I'm load testing a reporting service that will allow users to run
arbitrarily-generated facets against a large set of data (~100m new records
per day, using daily index rotation). We have a 3-node ES cluster, with
72GB ram each (half allocated to ES, half reserved for the OS and disk
cache). We're running ES 0.18.7.
I'm seeing regular out of memory errors that result in a particular node
locking up and dropping out of the cluster. Flushing the field cache or
fully restarting the node brings everything back into a good state, but I'd
rather avoid getting into this state in the first place. I tried setting
index.cache.field.type: soft in /etc/elasticsearch.yml, but this isn't
having the desired effect - is this not where one sets this? Do I need to
set it per-index using the index settings api?
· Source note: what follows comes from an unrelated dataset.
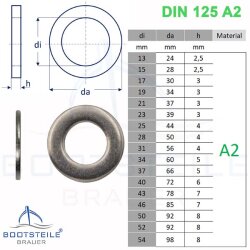 Rondelles Plates 6,4 (M6) DIN 125 - Acier inoxydable V2A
I've read elsewhere that regularly evicting entries from the cache is
undesirable, but I don't see an alternative here - our data set is always
going to be too large to fit in memory, and I'm willing to accept the
performance trade-off since most of our faceted queries are relatively
unique and I'd rather be able to query slowly than worry about crashing ES
nodes by running out of memory.
I'd rather not write a cron job to flush the caches when memory usage
creeps up. It definitely sounds like there's a better way, though, and I'm
just missing something semi-obvious.